» EXERCISE:
You are asked to write out the full listing exactly as it stands.
──────────────────────────────
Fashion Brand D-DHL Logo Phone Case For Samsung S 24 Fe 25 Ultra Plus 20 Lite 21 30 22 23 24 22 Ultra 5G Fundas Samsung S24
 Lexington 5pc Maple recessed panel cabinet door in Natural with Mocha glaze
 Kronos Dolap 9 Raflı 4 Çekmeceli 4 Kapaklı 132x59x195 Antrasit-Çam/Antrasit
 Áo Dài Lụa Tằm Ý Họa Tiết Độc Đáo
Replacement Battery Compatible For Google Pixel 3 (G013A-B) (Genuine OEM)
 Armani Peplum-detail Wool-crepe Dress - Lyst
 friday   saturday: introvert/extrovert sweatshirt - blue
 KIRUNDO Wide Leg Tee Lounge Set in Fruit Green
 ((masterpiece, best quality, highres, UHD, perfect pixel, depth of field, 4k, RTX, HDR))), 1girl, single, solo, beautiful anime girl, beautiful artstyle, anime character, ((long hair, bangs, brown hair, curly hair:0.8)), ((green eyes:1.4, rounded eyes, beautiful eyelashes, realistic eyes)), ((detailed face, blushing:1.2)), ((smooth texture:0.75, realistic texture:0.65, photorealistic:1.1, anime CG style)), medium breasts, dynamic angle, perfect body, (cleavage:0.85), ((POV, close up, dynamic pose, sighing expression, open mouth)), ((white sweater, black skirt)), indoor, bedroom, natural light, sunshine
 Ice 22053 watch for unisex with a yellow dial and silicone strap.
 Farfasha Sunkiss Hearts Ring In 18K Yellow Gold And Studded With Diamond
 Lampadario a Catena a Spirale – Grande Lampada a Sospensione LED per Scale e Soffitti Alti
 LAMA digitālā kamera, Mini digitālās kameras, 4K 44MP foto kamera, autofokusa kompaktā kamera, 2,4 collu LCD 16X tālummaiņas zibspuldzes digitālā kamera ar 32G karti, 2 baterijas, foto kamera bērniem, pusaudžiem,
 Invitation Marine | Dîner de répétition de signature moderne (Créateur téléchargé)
──────────────────────────────
» WRITTEN SOLUTION:
Fashion Brand D-DHL Logo Phone Case For Samsung S 24 Fe 25 Ultra Plus 20 Lite 21 30 22 23 24 22 Ultra 5G Fundas Samsung S24
 Lexington 5pc Maple recessed panel cabinet door in Natural with Mocha glaze
 Kronos Dolap 9 Raflı 4 Çekmeceli 4 Kapaklı 132x59x195 Antrasit-Çam/Antrasit
 Áo Dài Lụa Tằm Ý Họa Tiết Độc Đáo
Replacement Battery Compatible For Google Pixel 3 (G013A-B) (Genuine OEM)
 Armani Peplum-detail Wool-crepe Dress - Lyst
 friday   saturday: introvert/extrovert sweatshirt - blue
 KIRUNDO Wide Leg Tee Lounge Set in Fruit Green
 ((masterpiece, best quality, highres, UHD, perfect pixel, depth of field, 4k, RTX, HDR))), 1girl, single, solo, beautiful anime girl, beautiful artstyle, anime character, ((long hair, bangs, brown hair, curly hair:0.8)), ((green eyes:1.4, rounded eyes, beautiful eyelashes, realistic eyes)), ((detailed face, blushing:1.2)), ((smooth texture:0.75, realistic texture:0.65, photorealistic:1.1, anime CG style)), medium breasts, dynamic angle, perfect body, (cleavage:0.85), ((POV, close up, dynamic pose, sighing expression, open mouth)), ((white sweater, black skirt)), indoor, bedroom, natural light, sunshine
 Ice 22053 watch for unisex with a yellow dial and silicone strap.
 Farfasha Sunkiss Hearts Ring In 18K Yellow Gold And Studded With Diamond
 Lampadario a Catena a Spirale – Grande Lampada a Sospensione LED per Scale e Soffitti Alti
 LAMA digitālā kamera, Mini digitālās kameras, 4K 44MP foto kamera, autofokusa kompaktā kamera, 2,4 collu LCD 16X tālummaiņas zibspuldzes digitālā kamera ar 32G karti, 2 baterijas, foto kamera bērniem, pusaudžiem,
 Invitation Marine | Dîner de répétition de signature moderne (Créateur téléchargé)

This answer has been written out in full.